BOOK REVIEW: JOURNAL OF AMERICAN CULTURE 26.4 (2003): TBA
(Ray Browne is the founder of the American Culture Association and the
Book Review Editor of the Journal of American Culture.)
HOLLYWOOD'S WHITE HOUSE:
THE AMERICAN PRESIDENCY IN FILM AND HISTORY
(University Press of Kentucky, 2003).
Peter C. Rollins and John E. O'Connor, Editors.
Trying to capture the spirit(s) of the Presidents of the United States
through the aims of the makers of movies is like trying to solidify reality
in a house of mirrors during an earthquake when the intentions of various
people and cultures and reactions rattle and
roll with private and public intentions. Sometimes such a reality is best
steadied under the hand of one person, who maintains a single point of view.

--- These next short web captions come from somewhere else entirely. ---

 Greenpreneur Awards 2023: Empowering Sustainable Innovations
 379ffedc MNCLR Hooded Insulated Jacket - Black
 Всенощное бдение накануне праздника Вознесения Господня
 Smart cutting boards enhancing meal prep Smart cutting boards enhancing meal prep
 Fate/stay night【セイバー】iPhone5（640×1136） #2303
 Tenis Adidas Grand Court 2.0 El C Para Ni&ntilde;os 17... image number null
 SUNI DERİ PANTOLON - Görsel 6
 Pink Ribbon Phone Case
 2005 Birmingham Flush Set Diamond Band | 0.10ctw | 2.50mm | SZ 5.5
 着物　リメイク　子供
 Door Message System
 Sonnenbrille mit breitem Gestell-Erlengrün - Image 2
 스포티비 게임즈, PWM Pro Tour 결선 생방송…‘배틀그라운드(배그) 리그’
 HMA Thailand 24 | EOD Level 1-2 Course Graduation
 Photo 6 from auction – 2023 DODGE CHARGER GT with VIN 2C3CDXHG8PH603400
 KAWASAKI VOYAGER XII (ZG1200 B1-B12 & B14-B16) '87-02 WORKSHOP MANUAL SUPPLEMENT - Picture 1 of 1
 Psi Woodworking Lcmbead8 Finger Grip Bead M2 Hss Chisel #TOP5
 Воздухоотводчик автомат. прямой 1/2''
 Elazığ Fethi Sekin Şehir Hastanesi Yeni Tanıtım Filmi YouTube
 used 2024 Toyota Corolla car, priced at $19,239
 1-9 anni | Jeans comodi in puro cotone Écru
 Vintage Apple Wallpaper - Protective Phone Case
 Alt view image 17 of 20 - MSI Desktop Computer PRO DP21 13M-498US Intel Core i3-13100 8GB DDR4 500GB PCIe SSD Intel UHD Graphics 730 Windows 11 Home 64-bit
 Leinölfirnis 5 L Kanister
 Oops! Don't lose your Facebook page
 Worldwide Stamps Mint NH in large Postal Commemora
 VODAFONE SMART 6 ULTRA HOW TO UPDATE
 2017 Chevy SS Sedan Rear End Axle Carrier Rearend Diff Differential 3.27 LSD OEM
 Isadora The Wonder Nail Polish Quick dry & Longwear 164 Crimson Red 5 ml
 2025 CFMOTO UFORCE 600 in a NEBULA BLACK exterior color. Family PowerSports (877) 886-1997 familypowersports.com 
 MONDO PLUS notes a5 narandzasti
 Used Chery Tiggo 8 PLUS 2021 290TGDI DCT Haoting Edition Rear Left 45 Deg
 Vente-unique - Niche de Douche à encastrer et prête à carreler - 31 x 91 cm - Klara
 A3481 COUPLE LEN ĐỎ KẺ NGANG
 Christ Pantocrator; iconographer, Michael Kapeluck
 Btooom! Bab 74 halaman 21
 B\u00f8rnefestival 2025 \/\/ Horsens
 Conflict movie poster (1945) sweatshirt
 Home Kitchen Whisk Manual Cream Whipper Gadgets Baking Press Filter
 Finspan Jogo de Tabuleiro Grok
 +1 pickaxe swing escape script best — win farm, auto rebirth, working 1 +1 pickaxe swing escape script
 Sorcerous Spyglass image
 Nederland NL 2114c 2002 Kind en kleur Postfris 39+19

Sometimes it is better done in a computer of several informed historians who
keep unblinking eyes on the actions if the
Presidents and the motivations of movie-makers who with their several
purposes--some open, some concealed--make movies that will serve their own
purposes or those of their actors. This collection of various historians
reading history from, as it were, not the Oval
Office but the Hollywood studio accomplishes its purposes well.
Primarily these essays demonstrate how leaders of a developing
democracy change as the demands of the public demands new approaches and new
reactions. The Oval office, as well as the visiting rooms of the White House,
is increasingly opened to the public. More and more Presidential writers,
photographers and cameras are a part of the
Presidential equipment. And carrying the most weight, perhaps, is the movie
camera. Movie critic Stanley Kaufman if probably right in saying that
included in the President's oath of office probably should be the demand that
he/she "should also swear to defend the
American filmmaker's right to use the presidency anyway they like."
This collection of essays demonstrates dramatically the filmmaker
alters reality to suit his purpose. D.W. Griffith rewrote history in his
BIRTH OF A NATION, as we have been told a hundred times. Frank Capra, and
Oliver Stone read history through their political bias. In fact, nowadays it
is difficult to find a film about the President that does not have a slant.
The insemination of the film generally begins with the President. Since TR
Presidents have known that their office was Hollywood's grandest studio, and
generally they have been happy to play a role constantly, reshooting a scene
until it came out satisfactory for the director. And increasingly they will
expand the role, serving as star on the movie stage that satisfies their
constituents, the public, themselves and history.
This volume is an excellent example of the American theater, with the
Presidents performing on a Shakespearean stage and the roles they play
sometimes successfully, sometimes miserably. We are the audience. We will be
a much more informed audience after reading the essays in this book.